Google Exec Boasted About Helping Hillary Clinton by Boosting Latino Turnout in 2016
After the 2016 presidential election, social media companies feared they might have given Donald Trump an edge over Hillary Clinton. According to an email revealed on "Tucker Carlson Tonight" Monday, however, executives at Google may have directly interfered in Clinton's favor.
Fox News host Tucker Carlson revealed an email sent on the day after the election by Eliana Murillo, Google's former head of multicultural marketing. In the email, Murillo bragged about her company's efforts to increase Latino turnout, a key constituency for Clinton voters. She even bragged about working with a Latino group that endorsed Clinton.
"In her email, Murillo touts Google's multi-faceted efforts to boost Hispanic turnout in the election," Carlson reported. "She knows that Latinos voted in record-breaking numbers, especially in states like Florida, Nevada, and Arizona, the last of which she describes as 'a key state for us.'"
In her email, Murillo "brags that the company used its power to ensure that millions of people saw certain hashtags and social media impressions with the goal of influencing their behavior during the election."
This is particularly noteworthy, as the New York Times's Farhad Manjoo noted last month that "if Google somehow went rogue and decided to throw an election to a favored candidate, it would only have to alter a small fraction of search results to do so. If the public did spot evidence of such an event, it would look thin and inconclusive, too."
Yet Google's Murillo specifically brags about intervening in the election. Google "supported partners like Voto Latino to pay for rides to the polls in key states," she wrote. Carlson quoted her as to what this support constituted: "A silent donation."

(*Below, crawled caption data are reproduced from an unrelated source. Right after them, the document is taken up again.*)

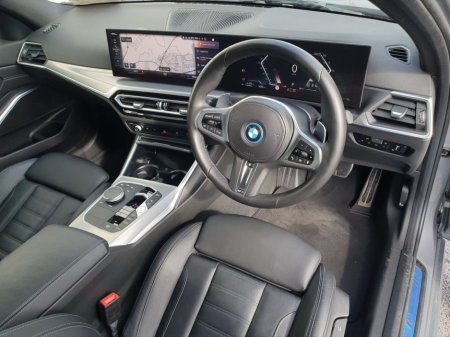 2023 BMW 3 Series - thumbnail 6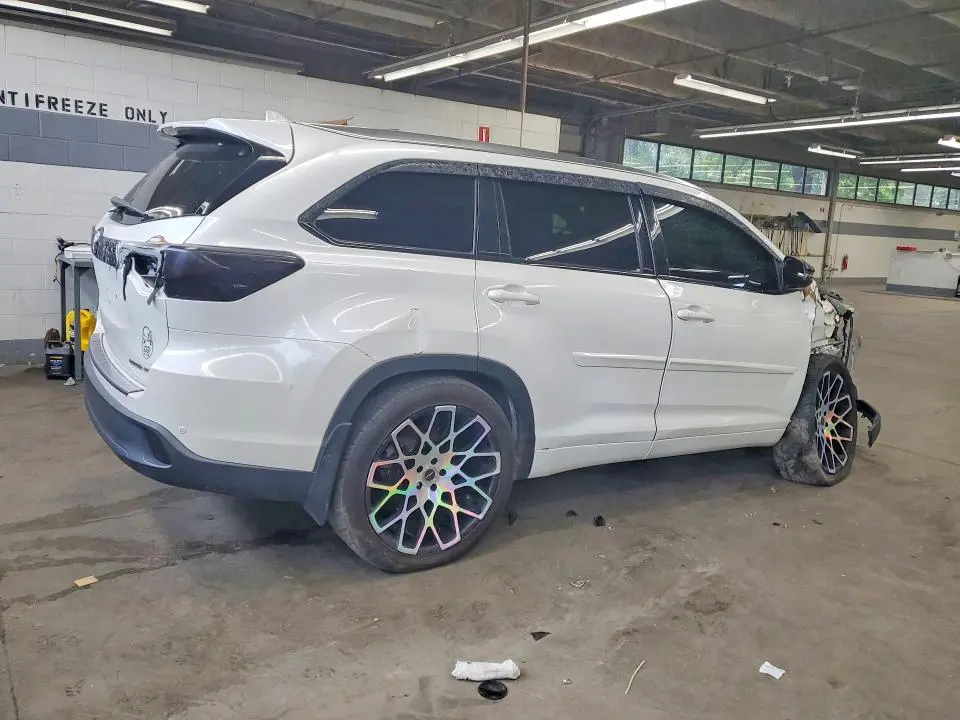 2016 TOYOTA HIGHLANDER LIMITED  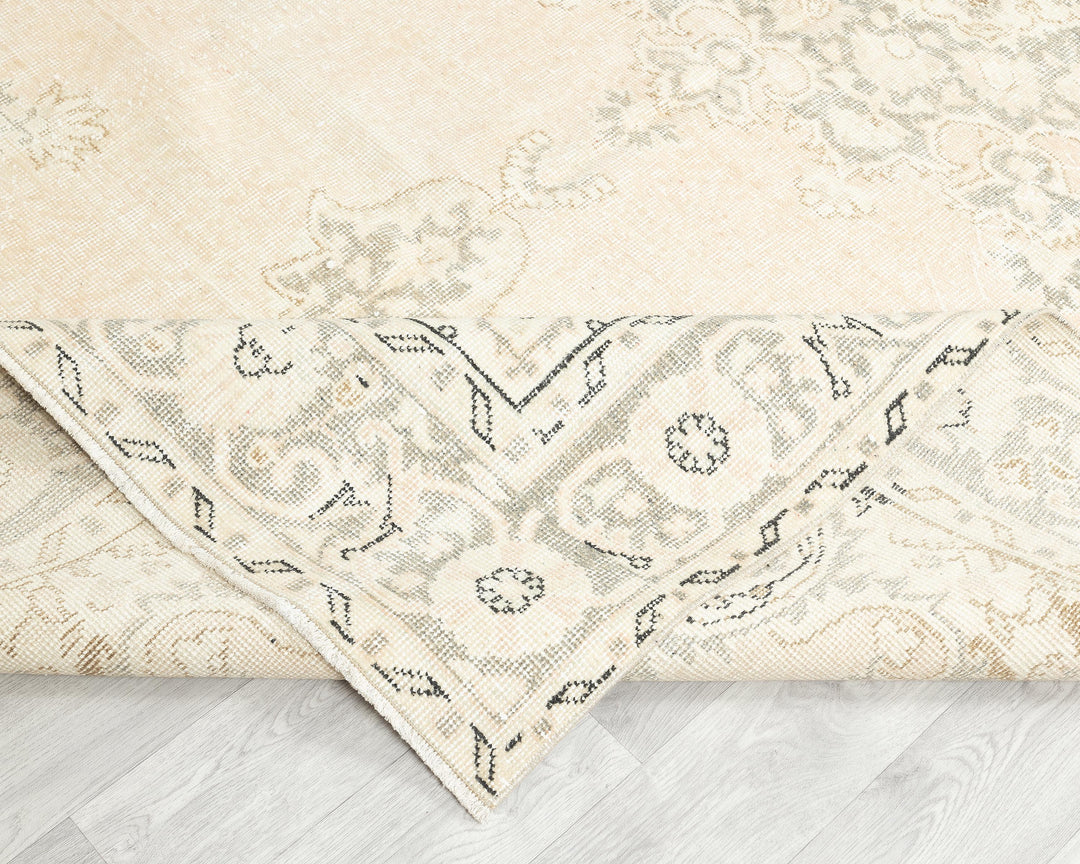 Beige Oushak Rug 6' 7" x 10' 6" | No. VR95180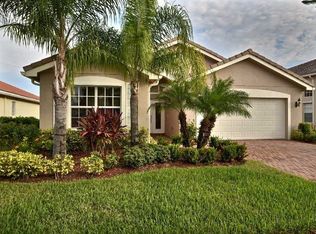 2070 Grey Falcon Cir SW, Vero Beach, FL 32962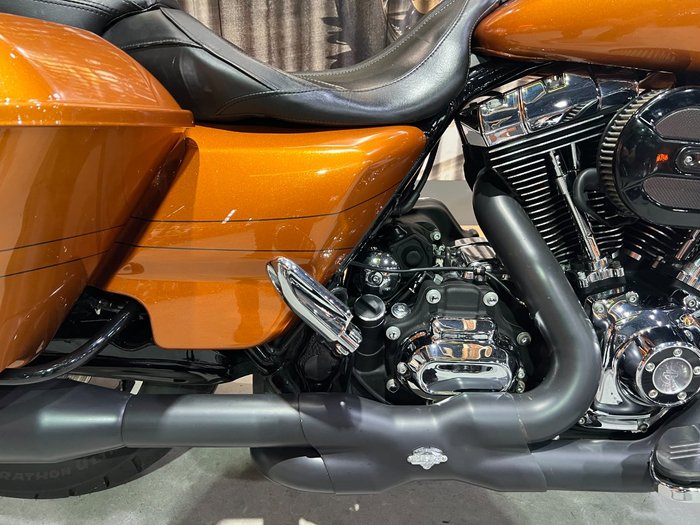 2015 HARLEY-DAVIDSON STREET GLIDE SPECIAL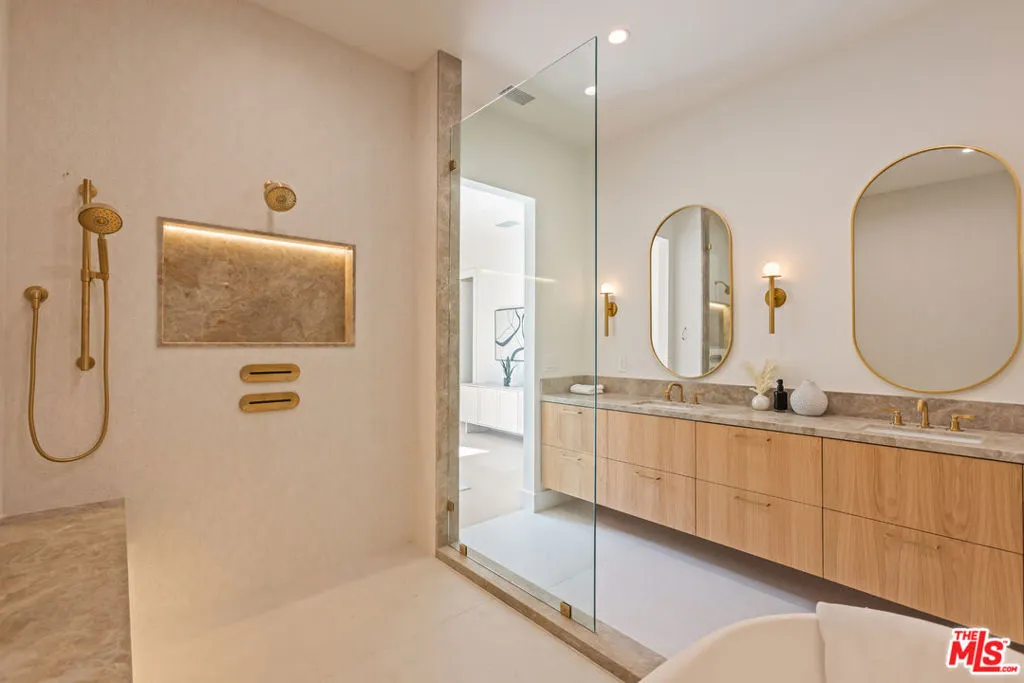 5110 Orange Place, Los Angeles, California 90008 home-pic-25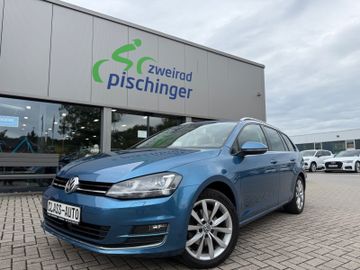 Volkswagen Golf - 1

Technically, Voto Latino is a non-partisan entity dedicated to encouraging Latinos to vote. In reality, however, it swings heavily in one direction. Indeed, Hillary Clinton endorsed the organization this year.
As Tucker Carlson noted, Voto Latino recently "declared that Hispanics, all Hispanics, are in President Trump's 'Crosshairs.' They said they plan to respond to this by registering another million additional Hispanic voters in the next presidential cycle."
Neither Google nor Voto Latino responded to Tucker Carlson's request for comment.
Carlson pointed out that Google's efforts to convince Latinos to vote were "not aimed at all potential voters." The campaign "wasn't even aimed at a balanced cross-section of subgroups. Google didn't try to get out the vote among say Christian Arabs in Michigan or Persian Jews in Los Angeles. They sometimes vote Republican."
Instead, the campaign "was aimed only at one group, a group that Google cynically assumed would vote exclusively for the Democratic Party," Carlson alleged. "Furthermore, this mobilization effort targeted not the entire country but swing states vital to the Hillary campaign. This was not an exercise in civics. This was political consulting. It was in effect an in-kind contribution to the Hillary Clinton for President campaign."
Murillo's email also lamented the results of the 2016 election.
"Ultimately after all was said and done, the Latino community did come out to vote and completely surprised us. We never anticipated that 29 percent of Latinos would vote for Trump. No one did," the Google executive wrote. "If you see a Latino Googler in the office please give them a smile. They are probably hurting right now."
"You can rest assured that the Latinos of these blue states need your thoughts and prayers for them and their families. I had planned a vacation and thought I would be taking the time to celebrate. Now, it will be time to reflect on how to continue to support my community through these difficult times," Murillo confided.
Tucker Carlson summarized the key lesson of the email: "Google tried to get Hillary elected. They failed this time."
"We reached out to Google. The company did not deny that the email was real or that it showed a clear political preference," he explained. "Their only defense was that the activities it described were either non-partisan or weren't taken officially by the company. But of course, they were both."
While President Trump went overboard in his criticism of Google, he rightly drew attention to an important issue. James Damore, the former senior software engineer who was fired after spreading a document asking questions about the tech gender gap, is suing Google for discrimination against conservatives. Prager University is suing Google and YouTube for discrimination against conservative content. YouTube continues to restrict access to PragerU videos.
Facebook recently "shadow banned" PragerU, preventing at least nine PragerU Facebook posts from reaching any of their 3 million followers. For good measure, Facebook also deleted some of their videos.
A survey early this year found that conservative employees in Silicon Valley tech companies live in fear that their political beliefs will be found out. James Damore said conservatives at Google are "in the closet" and that Google executives are digging through a secret mailing list in order to out them.
And that's just Google. Facebook, Twitter, Amazon, and other tech companies have their own disconcerting liberal biases, ties to the left-wing smear group the Southern Poverty Law Center, and other incidents suggesting a pervasive bias against conservatives.
Indeed, state attorneys general are planning a meeting to consider how best to respond to this bias (more on that later this week). A former Reagan anti-trust lawyer has already led the way, filing a class-action suit against big tech companies on anti-trust grounds.